@uykuluhatun
|
#Bir Avuç Sevinç İki Kepçe Hüzün Bana Bir Masal Anlat Baba
Merdivenlerden önden ben arkadan annem olarak indik. Düşmemek için önüme bakarken annemin ayak sesleri kesildi arkama dönüp ona bakarken gülümseyerek bana baktığını gördüm. Tam önüme döndüm ki burnumun dibindeki gece lacivert takımlı adamı farketmedim. Bir dakika Asaf ? Görüntü karşısında mest olmuştum.. Rüya mı görüyordum yoksa halüsinasyon muydu? Asaf'ın kolunu sıktım, kendi kendime fazla konuşmayı abartmış artık görüntüsünü getiriyordu zihnim. " Ah acıdı." dediğinde gözlerimi ona diktim gerçekti ve karşımdaydı! "Bunu kendine yapman gerekmiyor muydu şehirli?" " Se-en burada ne yapıyorsun?" dedim cümlelerimi toparlamaya çalışırken, sevgilisinin yanına gitmiyor muydu? Bir dakika yoksa LAN! " Günlüğünü unutmuşsun onu getirmeye geldim." dedi elinde ki günlüğü bana uzattı. Bu benim değildi bir kere annemindi, daha güzel bir yalan bulabilirdin!
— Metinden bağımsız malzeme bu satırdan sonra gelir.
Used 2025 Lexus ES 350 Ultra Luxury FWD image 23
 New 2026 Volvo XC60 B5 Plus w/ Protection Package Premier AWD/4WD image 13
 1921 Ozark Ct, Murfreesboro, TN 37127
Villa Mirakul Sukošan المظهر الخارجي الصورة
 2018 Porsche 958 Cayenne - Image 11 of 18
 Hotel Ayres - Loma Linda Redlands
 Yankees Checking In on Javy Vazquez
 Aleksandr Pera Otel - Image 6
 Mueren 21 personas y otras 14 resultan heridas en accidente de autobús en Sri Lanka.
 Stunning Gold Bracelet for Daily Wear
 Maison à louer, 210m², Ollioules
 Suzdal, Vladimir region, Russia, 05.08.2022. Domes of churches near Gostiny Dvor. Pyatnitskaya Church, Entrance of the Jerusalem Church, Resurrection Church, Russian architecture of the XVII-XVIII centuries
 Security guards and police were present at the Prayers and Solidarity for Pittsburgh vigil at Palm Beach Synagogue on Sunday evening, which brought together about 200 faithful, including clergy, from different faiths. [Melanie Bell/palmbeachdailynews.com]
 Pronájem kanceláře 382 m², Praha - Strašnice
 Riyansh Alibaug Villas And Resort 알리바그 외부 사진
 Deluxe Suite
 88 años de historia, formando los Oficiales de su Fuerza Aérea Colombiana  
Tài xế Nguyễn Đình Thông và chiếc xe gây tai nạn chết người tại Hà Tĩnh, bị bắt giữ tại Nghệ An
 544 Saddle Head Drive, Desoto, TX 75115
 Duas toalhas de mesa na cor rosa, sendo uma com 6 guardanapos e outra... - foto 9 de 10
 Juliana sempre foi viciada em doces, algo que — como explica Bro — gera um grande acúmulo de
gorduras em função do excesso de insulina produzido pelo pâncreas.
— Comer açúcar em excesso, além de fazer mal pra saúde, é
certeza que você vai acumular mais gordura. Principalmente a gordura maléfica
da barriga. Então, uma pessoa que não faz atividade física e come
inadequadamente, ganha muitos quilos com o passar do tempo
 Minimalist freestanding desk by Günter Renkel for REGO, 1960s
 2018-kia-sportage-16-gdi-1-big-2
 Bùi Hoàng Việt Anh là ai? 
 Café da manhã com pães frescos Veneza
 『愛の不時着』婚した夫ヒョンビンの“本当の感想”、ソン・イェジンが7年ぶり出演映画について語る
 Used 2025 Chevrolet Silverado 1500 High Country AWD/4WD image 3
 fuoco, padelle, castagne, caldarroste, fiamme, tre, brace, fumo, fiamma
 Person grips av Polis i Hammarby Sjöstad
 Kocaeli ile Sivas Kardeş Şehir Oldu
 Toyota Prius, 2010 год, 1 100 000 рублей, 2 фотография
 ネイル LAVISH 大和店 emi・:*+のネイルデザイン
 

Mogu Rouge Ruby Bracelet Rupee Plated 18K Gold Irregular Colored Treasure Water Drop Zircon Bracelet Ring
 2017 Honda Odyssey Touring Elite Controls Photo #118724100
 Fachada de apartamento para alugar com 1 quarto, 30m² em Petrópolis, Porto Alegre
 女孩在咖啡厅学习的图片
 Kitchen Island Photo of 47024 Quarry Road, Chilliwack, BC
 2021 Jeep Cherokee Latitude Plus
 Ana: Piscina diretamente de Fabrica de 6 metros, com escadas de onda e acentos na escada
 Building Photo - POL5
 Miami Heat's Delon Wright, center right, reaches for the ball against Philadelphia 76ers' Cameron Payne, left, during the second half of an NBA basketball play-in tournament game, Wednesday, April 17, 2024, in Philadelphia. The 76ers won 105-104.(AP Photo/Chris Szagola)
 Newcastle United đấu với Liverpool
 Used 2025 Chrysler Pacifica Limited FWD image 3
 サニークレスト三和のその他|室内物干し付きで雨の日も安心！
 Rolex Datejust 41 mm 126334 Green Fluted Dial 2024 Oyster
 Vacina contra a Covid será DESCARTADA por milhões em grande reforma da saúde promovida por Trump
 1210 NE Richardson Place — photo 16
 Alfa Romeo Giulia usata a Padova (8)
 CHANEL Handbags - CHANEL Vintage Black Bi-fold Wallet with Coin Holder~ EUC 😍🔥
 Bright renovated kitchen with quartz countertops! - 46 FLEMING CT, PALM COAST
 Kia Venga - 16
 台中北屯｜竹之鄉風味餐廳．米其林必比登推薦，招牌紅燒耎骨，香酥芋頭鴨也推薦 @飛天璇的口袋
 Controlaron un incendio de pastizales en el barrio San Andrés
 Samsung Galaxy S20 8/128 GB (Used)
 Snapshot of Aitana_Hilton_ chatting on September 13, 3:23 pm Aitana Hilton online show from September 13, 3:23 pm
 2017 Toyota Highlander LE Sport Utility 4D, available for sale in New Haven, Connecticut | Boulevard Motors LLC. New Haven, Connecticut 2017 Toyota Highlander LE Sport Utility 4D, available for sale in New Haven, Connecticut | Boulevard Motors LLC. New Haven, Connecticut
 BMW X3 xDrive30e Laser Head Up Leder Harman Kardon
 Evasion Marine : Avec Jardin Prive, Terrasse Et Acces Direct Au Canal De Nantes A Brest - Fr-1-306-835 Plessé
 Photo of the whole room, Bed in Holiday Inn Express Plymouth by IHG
" Teşekkür ederim bu arada Aysima abla, " dedi kocaman gülümse ile , Anneme abla ? Ya sen aşık değil misin abla ne demek ? Burada neler oluyor biri bana açıklayabilir mi? İç sesimle konuşmaya başladım yine. kendi düşüncelerime göz devirip konuşmaya başladım. " Tamam artık gidebilirsin işimiz var." dedim, yani neden takım ile karşımdaydı? Lacivert takım içinde siyah gömlek, bir kaç düğmesi açık nefesi kesici duruyordu. Arsız iç sesimi dövmek istedim ama öyle böyle değil beyzbol sopasıyla! " Başka bir şeyi daha unutmuşsun?" Ne unutmuştum ki? Günlük dışında orada bir şey bırakmamıştım ki.. " Bez bebeğimi diyorsan onu bilerek Refet'e bıraktım."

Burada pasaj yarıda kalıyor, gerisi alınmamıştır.